Child visitation rights in most states are very similar to one another. Either of the parents may seek custody in court of a child. If the two separated parents cannot decide on who should get custody, then the court will decide who gets the sole custody or if there is place for the joint custody. In the case of joint custody, it is important that you know what your child visitation rights are. There are a number of issues and topics regarding child visitation rights in many states, but by educating yourself you can better understand the system.
In many cases, father visitation rights are a big issue. In the past, father visitation rights were not as good as those for mothers. However, in general, fathers can get custody of their children. Child visitation rights in most states now do not favor one parent over the other as was common in the past. Therefore, not only are the father visitation rights improved, but fathers may actually seek custody in the first place.
In some situations, only supervised visitation may be granted. Visitation rights in most places are such that under supervised visitations, the non-custodial parent may not spend time alone with the child in question.
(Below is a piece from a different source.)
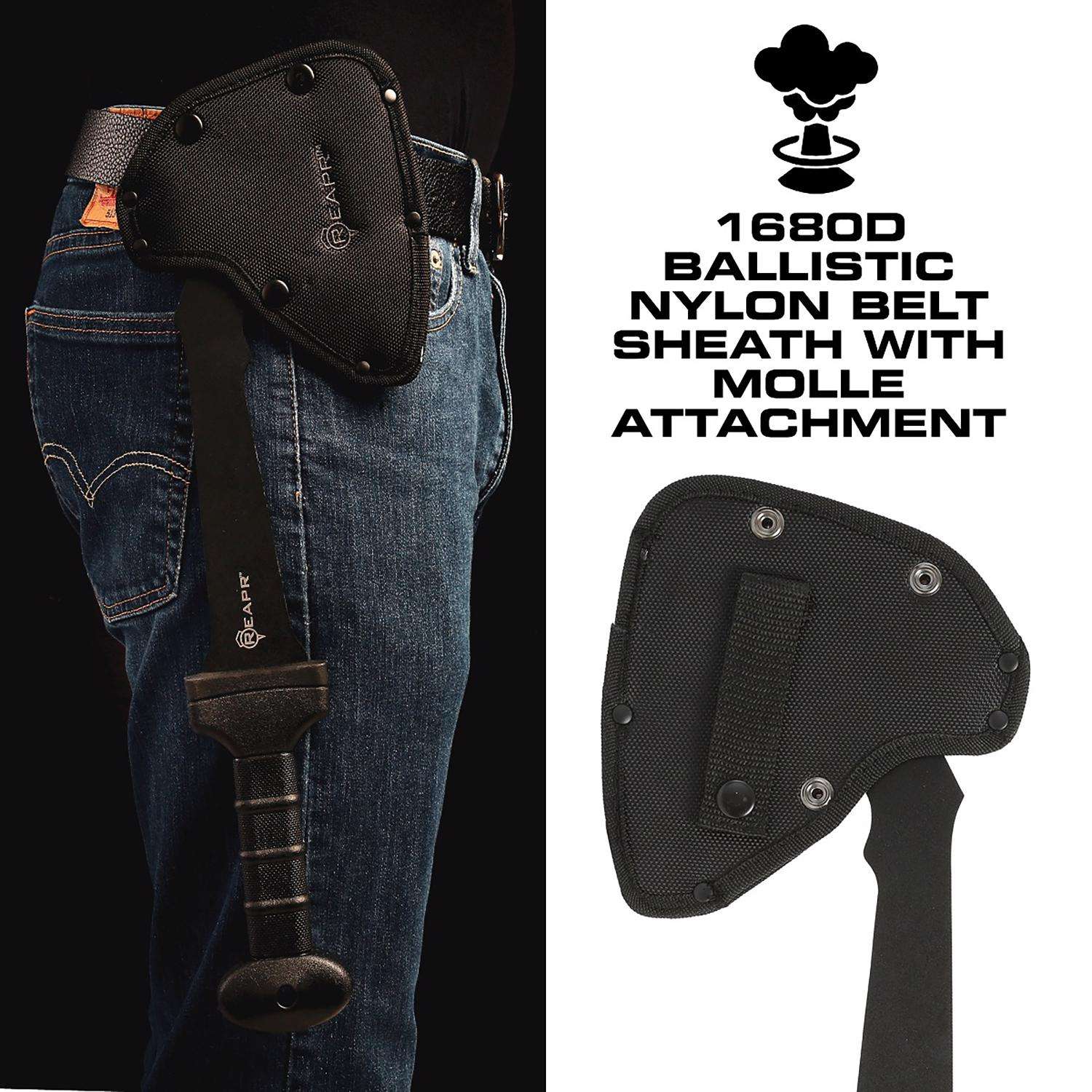  REAPR Axe 7 In.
In addition, the non-custodial parent may usually only visit the child at the court determined time and in the court determined place.
It is important to note when child visitation rights in any case may be withheld. The answer is: almost never. Even if the non-custodial parent is not paying his or her child any support, visitation rights may not be denied to that parent. Child visitation rights can only be policed by the courts.
Occasionally there are situations where a custodial parent may deny access to the child by the non-custodial parent. This is illegal, but there is a proper way to handle the situation. The best way is to seek a court order that defines your visitation rights. Violation of such a court order would result in the parent being held in contempt of court.
Although in almost every case, the natural parents will have right of custody, there may be cases where the court finds both parents to be unfit. In these cases, or in ones with exceptional circumstances, a third party may be granted custody of the child. The third party is often a relative or grandparent so that the child is still in his or her family. When such a situation occurs, both parents may still petition the court for visitation rights to the child.
Divorce is almost always a very tough and stressful event in the lives of anyone. For a child, it can be that much harder. Once a parent or third party has gained custody of the child from the courts, the whole issue of visitation rights comes up. This can put the child right in the middle of the divorce. That is why the courts dictate child visitation laws in almost every state so that there is some consistency.
In almost all cases, both parents and most close relatives end up with visitation rights, and if everyone obeys the decisions of the courts the child can still have a solid and healthy foundation of family.